Estonian LiterarY Museum
Trace patterns in Estonian/Finnic oral poetry computationally
Runosongs represent one of the most remarkable shared poetic traditions of the Finnic peoples, spanning centuries, regions, and dialects. Collected extensively in the nineteenth and twentieth centuries, these texts now form one of the largest digitized corpora of oral poetry in Europe. In Estonia and Finland, the material has been preserved in central folklore archives and systematically datafied over the past 25 years. Since 2020, these data have been organized into a joint database within the framework of the Finnish–Estonian FILTER project.
For this hackathon, participants can work either with the Estonian corpus (approximately 100,000 texts) or with the full Finnic dataset (approximately 250,000 texts). Each record is accompanied by metadata, including archival reference, place of origin, collector, and, in many later recordings, information about the performer. Although the material has been partially organized typologically, much of its internal structure remains to be discovered. The FILTER project also developed a methodology for calculating similarity between verses and songs, the corresponding data were added to the dataset, and implemented in the web environment runoregi.fi, and visualisations page.

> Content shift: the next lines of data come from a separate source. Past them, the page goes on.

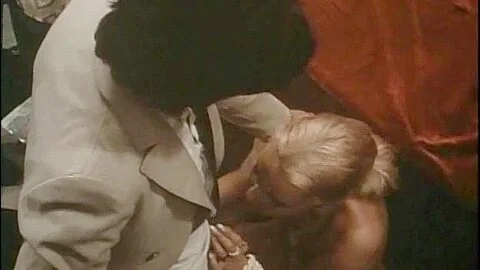Catherine Ringer and Nadine Roussial in Lusty Business Video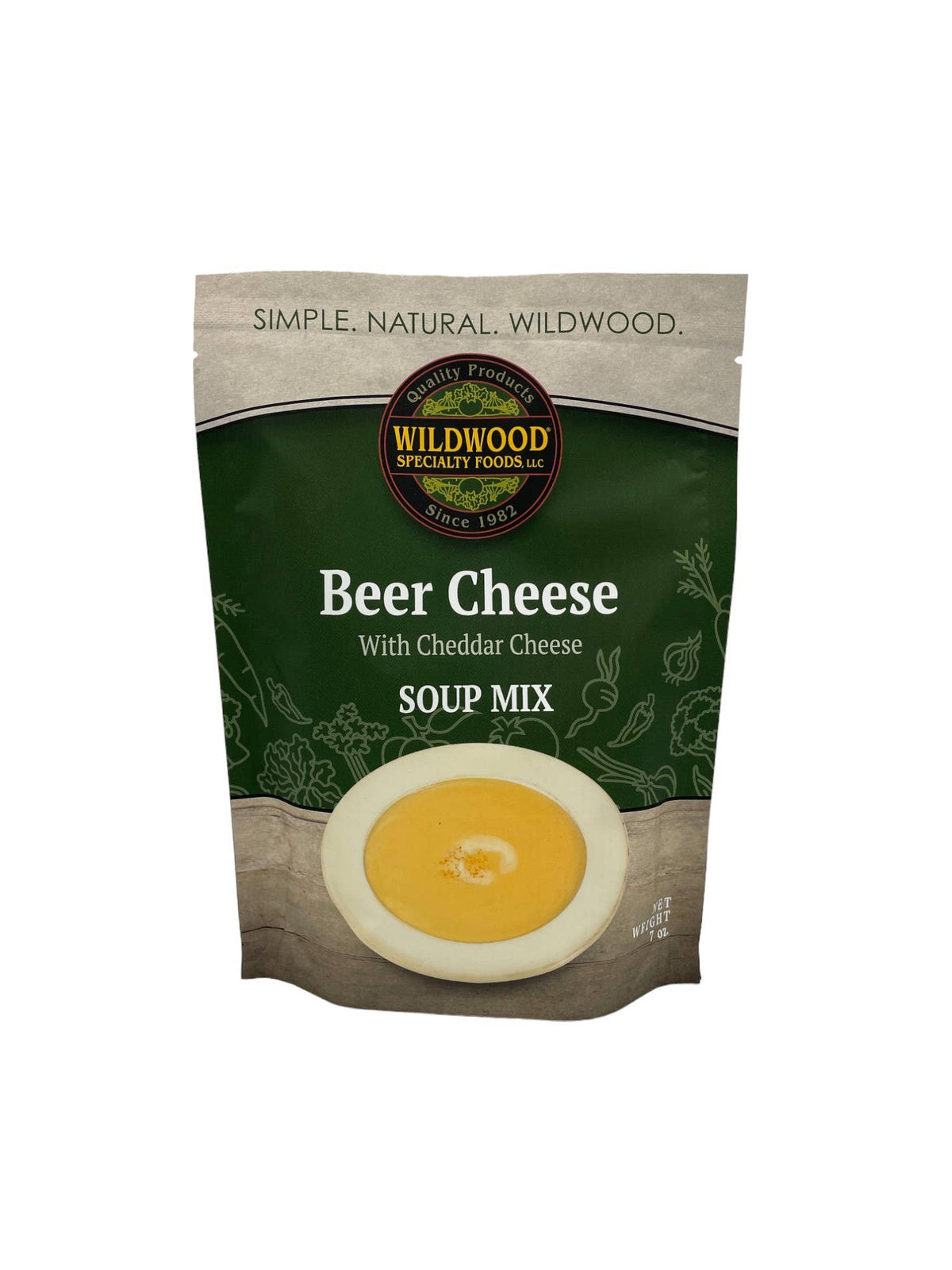 Beer Cheese Soup Mix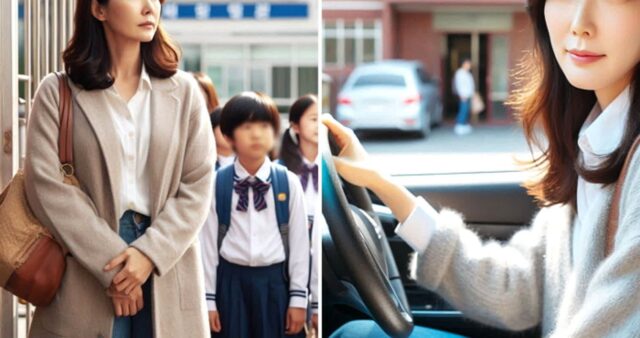 “중학생 아이 하원 도와주실 분 구합니다”…어느 엄마의 ‘건당 8천원’ 알바 구인글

The corpus invites computational investigation of patterns in language, content, and poetic form. Its primary challenge lies in the substantial linguistic variation of the archaic runosong idiom, a challenge that makes it especially suitable for embedding methods, network analysis, and visualization approaches. Possible hackathon outcomes include predicting song origin from textual features, building embedding-based explorers, mapping formulaic structures, or experimenting with generative models trained on runosong style.